十五(2 / 2)

……本多此时立即预感到下一页的问答。

“王问曰:

‘高僧,无论什么人死后都能还阳吗?’

‘有的人能,有的人不能。’

‘他们是什么样的人呢?’

‘有罪障之人能还阳,没有罪障、清净之人不能还阳。’

‘高僧您能还阳吗?’

‘我死时,如果我心中执着于生而死,可以还阳;否则不能还阳。’

‘善哉,高僧啊。

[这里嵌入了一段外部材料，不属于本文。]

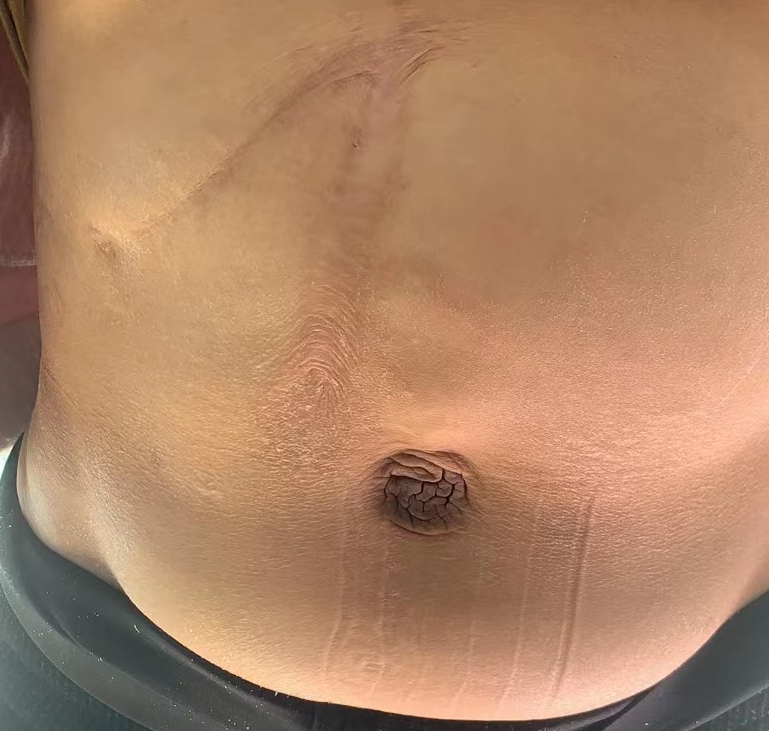 刘教授团队钟伟主任患者肝硬化大量顽固性腹水,脐疝形成中药化解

’”

——从这时起,弥兰陀王心中产生了炽烈的探究欲,就轮回转生说一个接一个执拗地提出一系列问题。佛教之中“无我”的论证,还有王关于“既然无我,为何有轮回”等轮回主体的追究,均以希腊式对话螺旋状的穷理方法,对那先比丘紧追不舍。这是因为,如果轮回是由善因乐果、恶因苦果的业业相续产生的报应,那么不需要有对行为负责的恒常性的主体。可是,比丘所属部派佛教的阿毗达磨教学中,既然明显地否定《奥义书》时代承认的“我”,那么不知后世精巧的唯识论体系的长老,只能停留于这样的回答:“没有作为实体的轮回的主体。”

那先比丘将轮回转生比作一盏明灯,那傍晚的火焰,深夜的火焰,将近黎明时刻的火焰,既不是完全相同的火焰,也不是另一种火焰,它们依存于同一盏灯光,彻夜长明。本多感到这种比喻具有无可形容的美。作为缘生的个人的存在,并非实体的存在,只能是此种火焰般的“事象的连续”。

那先比丘又说:

“所谓时间,就是轮回的生存本身。”

这同很久以后出现的意大利哲学家的主张十分相似。